Bundled/ global payment systems have another virtue; they provide incentives for providers to eliminate waste, fraud and abuse.  While it is notoriously difficult to measure fraud and waste, an estimated 10.5 percent of Medicare FFS payments, and 14 percent of Medicare Advantage payments, in 2010 were “improper,” including both truly deceptive claims and miscoded (but legitimate) billings.  CMS’s Medicare Integrity Program and the government’s jointly directed Health Care Fraud and Abuse Control Program target “improper” payments, which includes fraud, abuse, incorrect documentation, and waste, and these programs have reported exceptional returns on investment of 14 to 1 and 7 to 1, respectively.  Certainly increasing fraud and abuse enforcement could help patch the SGR hole, but in the long run bundled payments will facilitate this effort.

The move towards bundled payment does not obviate the need to fix the SGR.  In fact, fixing FFS payments will ease movement away from FFS because appropriate payments will likely generate more reasonable bundled rates.  But the revised FFS rates must not be set too generously, as doing so may diminish the incentives for providers to transition to new payment models (and associated organizational structures).

Many believe the transition away from FFS will be slow.  Certainly the speed of the transition will depend on the details of payment.  But in Massachusetts the transition has been relatively rapid, as most providers now have accepted some contracts under global payment models and 5 of the 32 Pioneer ACOs are in Massachusetts.  Thus there is the potential for more rapid transition.

An array of tools must be developed going forward.  These include adequate risk adjustment tools and quality measurement.   Many of these have been developed for the Medicare Advantage program and are continually being improved.  Ultimately new models to set payment, such as competitive bidding, may be developed.  In any case, rigorous evaluations must accompany the evolution of the system.

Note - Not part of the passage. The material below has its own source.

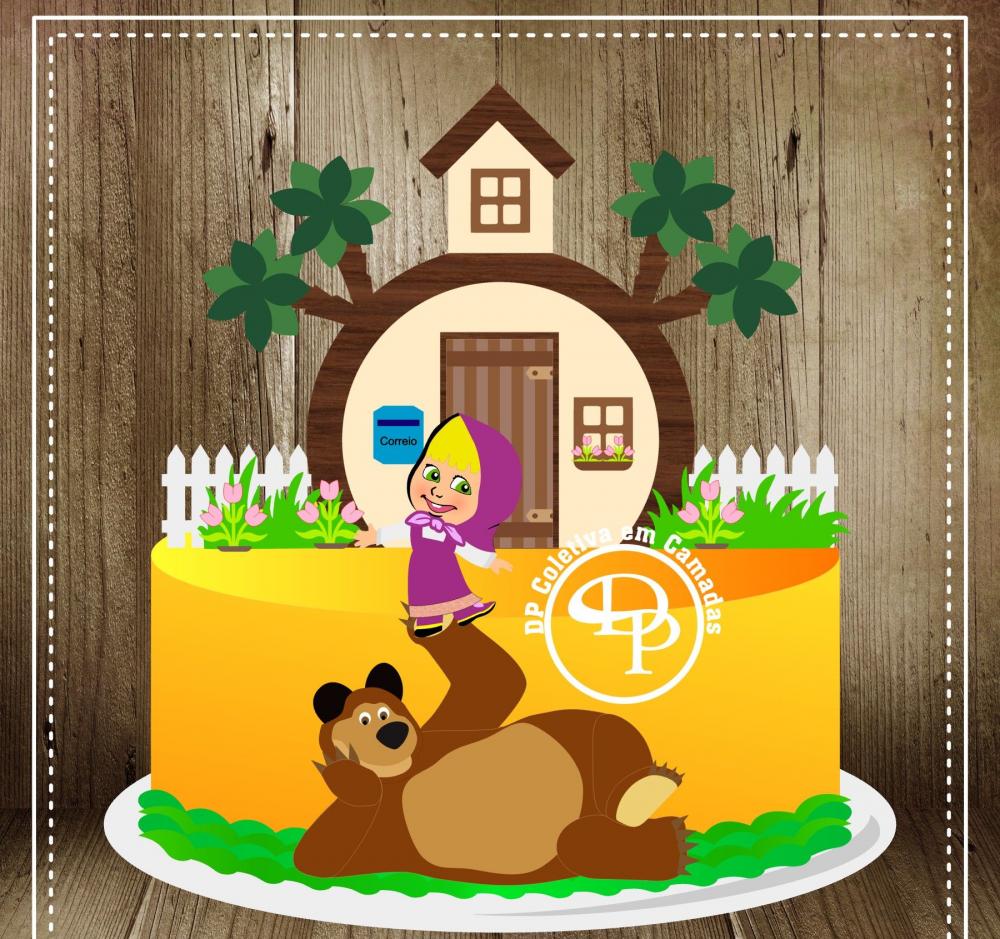 Arquivo de Corte Topo de Bolo - Marsha e o Urso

But as we pursue this path of transition, policy must avoid destroying the existing system before the new system is in place.  Short term policy options that impede access to high value services in an effort to save money and fund an SGR patch may well be counterproductive.   Our short run solutions must not impede the path to a long run solution.

Spending more now to avoid constant disruptions will likely facilitate movement away from the FFS system, in part by allowing providers and payers to focus on the transition, in part by helping to establish reasonable bundled payment rates, in part by providing some stability in payment beyond a few years (or months), and in part by providing funds for providers to invest in the future.  Everyone seems to agree that the SGR must go.  We must use this opportunity to create something better.